Hog farmers are allowed to collect manure in waste lagoons, then spray it as a crop fertilizer on nearby fields. If the system is properly designed, growing plants soak up the waste nutrients, helping to dispose of the manure.
There can be problems. Georgia leaders moved to tighten the state’s rules in 1999 after Hurricane Floyd dumped nearly two feet of rain on North Carolina, flooding and damaging waste lagoons. That hog manure— along with lots of other runoff — washed into streams and rivers.
“We’ve just seen the disastrous effect of these concentrated hog facilities” in eastern North Carolina, said Mark Woodall, chair of the Georgia chapter of the Sierra Club. “We just think it’s a terrible threat to the water quality of all of rural Georgia.”
The DNR board eased the rules in 2012, allowing smaller pig farmers to operate under a less-strict regimen. The last change and the current proposal are supported by Agriculture Commissioner Gary Black, a former agriculture lobbyist whose department both promotes Georgia’s agricultural economy and regulates hog farms.
“This proposal allows for a balance between maintaining the current environmental standards, while at the same time allowing the swine industry to become more comparable to other livestock and poultry productions in Georgia, as well as across the southeast,” Black spokeswoman Mary Kathryn Yearta said.
State officials have not studied the economic impact of changing the rules. But the stricter requirements do impose added costs on farmers. Of course, a spill would results in costs, too. Larger operations must have three wells to monitor for pollution, which would be expensive, said Charles Griffin, executive vice president of the Georgia Pork Producers Association.
The waste lagoons of a large farm must have an airtight cap. Farmers must inject the waste below ground, not spray into onto fields. Big operations must also demonstrate they have enough money to clean up a hog farm in case authorities shutter it or it goes out of business.
Griffin said the requirements would make it too expensive to start a large farm.

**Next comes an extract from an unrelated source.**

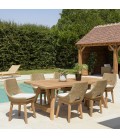 Salon en teck pour terrasse table 220cm et 6 chaises KODY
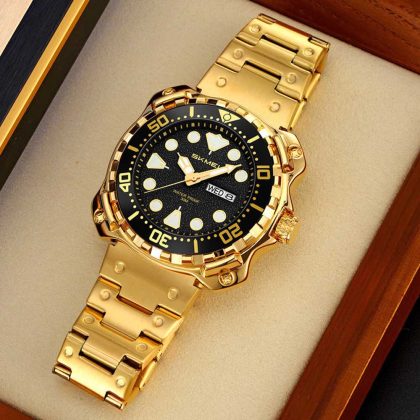 SKMEI 9385 Stainless Steel Men Fashion Elegant Quartz Watch – Golden Black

“That’s just another way of saying, ‘No, we’re not going to do it,”’ he said.
The hog farms in Georgia are relatively small. State agriculture officials oversee 31 hog farms in Georgia and none of them are large enough to fall under the strictest rules, according to state records.

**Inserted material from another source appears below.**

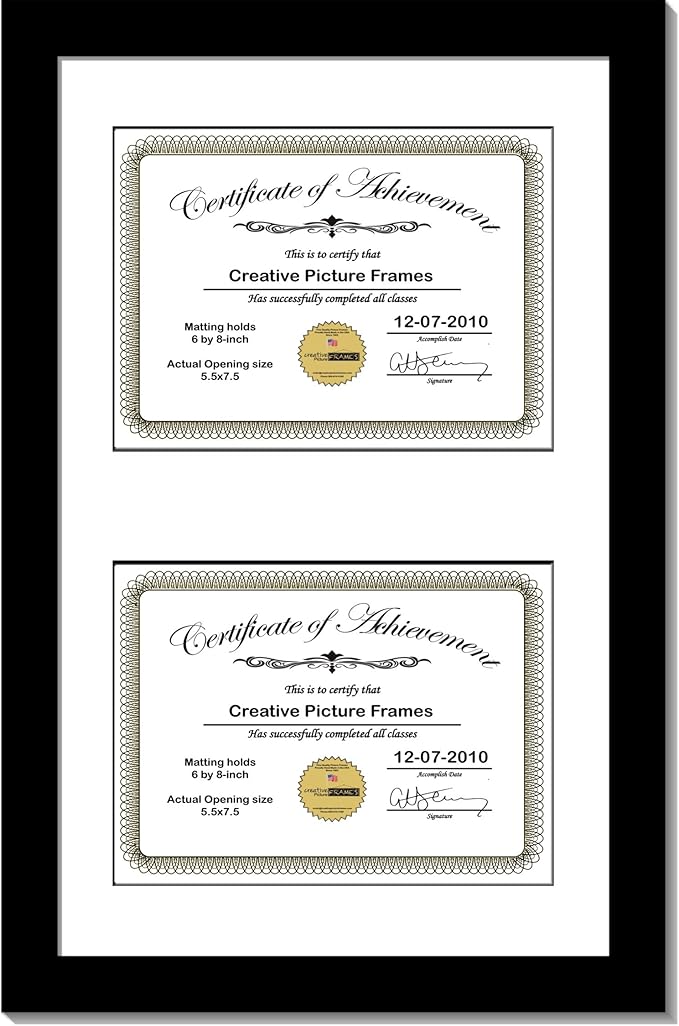 Creative Picture Frames 10X16Bk-W Black Vertical Double Diploma Frame With 2 Opening White Matting | Holds 2-6X8-Inch Documents With Installed Wall Hanger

Mark Risse, an agricultural engineer at the University of Georgia who studies waste issues, said he occasionally gets calls from firms interested in building hog farms in Georgia. He said falling profit margins have encouraged the agriculture industry toward consolidating into fewer but larger farms. Larger livestock farms benefit from having lower average costs than small operations, which keeps prices down.
“They wouldn’t have to do those things in any other state in the U.S., so essentially it blocks any operation of that size from coming to Georgia,” he said.